Because I've been wrestling with these very issues for a long time. Some of you may remember that I did a big purge of some archives of my blog a year or so ago because I wrote some things there that hurt some people that I love very much, not expecting that they would ever read them. And so certain topics and certain people are no longer discussed here, because the risk is too great.
I have coworkers who have found my blog. My wife's coworkers and derby friends read it. My parents and possibly my brothers and for all I know my kids friends from school read this stuff. So my blog slowly constricts down to that which is safe, which is inoffensive, non-worrisome, and family-hour friendly. Circe said to me a few years ago, "your blog is just brochure-ware now...you post about bands you like and movies you saw and you link to funny pictures you found on the internet, but you don't actually say anything any more. Your blog is just a brochure of Ray". As if I were a hotel chain now, and this is just an inoffensive and inviting protrayal about what a fun and interesting guy Ray is. Hotel Ray is kid-friendly, serves crawfish ettoufee in the main restaurant, has Mission of Burma karaoke every Tuesday, and shows all the Red Sox games in the Sporty Sport bar on the mezzanine.
But it's just a blog, right? I mean, who cares? But the same conflict holds true for any kind of writing, and that is where I am really struggling. I want to be a writer. Published and all. I have one published work under my belt, a humorous little memoir about working as a float grunt during Mardi Gras in the 70's, which was published right after the storm by Chin Music Press. That story worked because I am pretty good at telling true stories in a funny and entertaining and only slightly embellished way. I want to write more; I've got a short story in progress, and a short speculative fiction novel taking shape in my head. But I write best when I write what I know, when I base my writing, at least loosely, on things that have actually happened to me or to people I know.
But other than a handful of humorous anecdotes, the really important, real literature-worthy things that I've experienced, are things that must remain private.
I can't do what Augusten Burroughs did in Running With Scissors or Dry. I can't just let fly on everybody I know, burn every bridge, and let the chips fall where they may. There are people involved, people I love, people I don't want to hurt. I want to write painful stories, but those stories are painful for other people too, not just me.
So I don't write anything interesting. I'm crap for making stuff up completely out of whole cloth. I can't do pure fiction the way somebody like Stephen King or William Gibson can. There has to be some of me in there or the words just don't come.
I don't know the way out of this conunudrum. I wrestle with emotional issues as significant as Ian Curtis...different ones, to be sure, but just as significant...but I am bound by duty to family and friends, and by rules of social and workplace decorum not to write about them.

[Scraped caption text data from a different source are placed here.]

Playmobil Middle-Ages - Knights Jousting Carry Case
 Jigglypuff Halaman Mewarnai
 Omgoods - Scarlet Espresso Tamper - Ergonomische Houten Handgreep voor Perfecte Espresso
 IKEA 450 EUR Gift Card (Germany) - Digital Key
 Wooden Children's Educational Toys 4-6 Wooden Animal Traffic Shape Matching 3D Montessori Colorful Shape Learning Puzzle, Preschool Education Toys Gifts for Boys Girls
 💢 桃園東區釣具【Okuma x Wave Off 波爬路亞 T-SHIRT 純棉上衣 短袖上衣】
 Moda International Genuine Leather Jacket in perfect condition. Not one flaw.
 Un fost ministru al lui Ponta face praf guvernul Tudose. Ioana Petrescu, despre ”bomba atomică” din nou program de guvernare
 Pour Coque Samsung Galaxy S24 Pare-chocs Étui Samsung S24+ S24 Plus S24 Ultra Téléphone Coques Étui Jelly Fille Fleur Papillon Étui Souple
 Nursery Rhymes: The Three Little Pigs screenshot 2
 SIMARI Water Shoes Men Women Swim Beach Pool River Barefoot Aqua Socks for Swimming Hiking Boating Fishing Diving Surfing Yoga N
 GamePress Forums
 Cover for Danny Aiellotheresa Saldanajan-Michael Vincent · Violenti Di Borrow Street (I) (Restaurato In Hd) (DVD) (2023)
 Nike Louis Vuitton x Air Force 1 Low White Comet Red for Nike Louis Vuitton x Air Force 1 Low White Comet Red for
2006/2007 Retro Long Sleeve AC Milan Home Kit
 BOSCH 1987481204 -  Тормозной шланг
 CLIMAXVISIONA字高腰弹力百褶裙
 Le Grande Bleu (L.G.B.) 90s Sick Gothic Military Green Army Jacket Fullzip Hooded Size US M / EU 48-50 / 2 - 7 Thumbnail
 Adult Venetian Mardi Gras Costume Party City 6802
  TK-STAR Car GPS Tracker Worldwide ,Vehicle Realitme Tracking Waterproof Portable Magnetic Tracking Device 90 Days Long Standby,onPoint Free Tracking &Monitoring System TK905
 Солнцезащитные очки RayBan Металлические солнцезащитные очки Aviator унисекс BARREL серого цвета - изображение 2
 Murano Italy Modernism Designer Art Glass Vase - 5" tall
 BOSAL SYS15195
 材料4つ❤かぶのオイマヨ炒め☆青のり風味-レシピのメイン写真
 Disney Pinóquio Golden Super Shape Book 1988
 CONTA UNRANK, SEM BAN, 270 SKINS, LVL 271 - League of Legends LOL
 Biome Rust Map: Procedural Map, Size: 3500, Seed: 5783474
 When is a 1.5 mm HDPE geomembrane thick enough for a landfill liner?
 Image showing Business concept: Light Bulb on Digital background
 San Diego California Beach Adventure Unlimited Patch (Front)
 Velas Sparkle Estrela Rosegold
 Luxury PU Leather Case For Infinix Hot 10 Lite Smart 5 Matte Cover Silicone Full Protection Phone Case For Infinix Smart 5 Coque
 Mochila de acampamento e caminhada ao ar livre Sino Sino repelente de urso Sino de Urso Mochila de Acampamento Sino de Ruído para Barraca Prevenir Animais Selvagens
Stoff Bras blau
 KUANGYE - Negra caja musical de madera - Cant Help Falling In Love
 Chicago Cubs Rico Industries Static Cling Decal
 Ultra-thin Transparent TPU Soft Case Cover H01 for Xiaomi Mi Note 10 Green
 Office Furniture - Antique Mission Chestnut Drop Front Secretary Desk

I think I'll figure it out. Maybe I'll find my fiction voice one of these days. But right now it's fucking hard.
In the meantime, I am going to try, try really hard, to not let this blog be brochureware all the damn time.
[P.S. I feel I must add that if you read the above and try to infer anything about my marriage or my relationship with any of my family members or friends or any of my past relationships...if you think you know what specific people or events or experiences I am referring to...you're wrong. You just read my blog. None of you really know me. Not all of me.]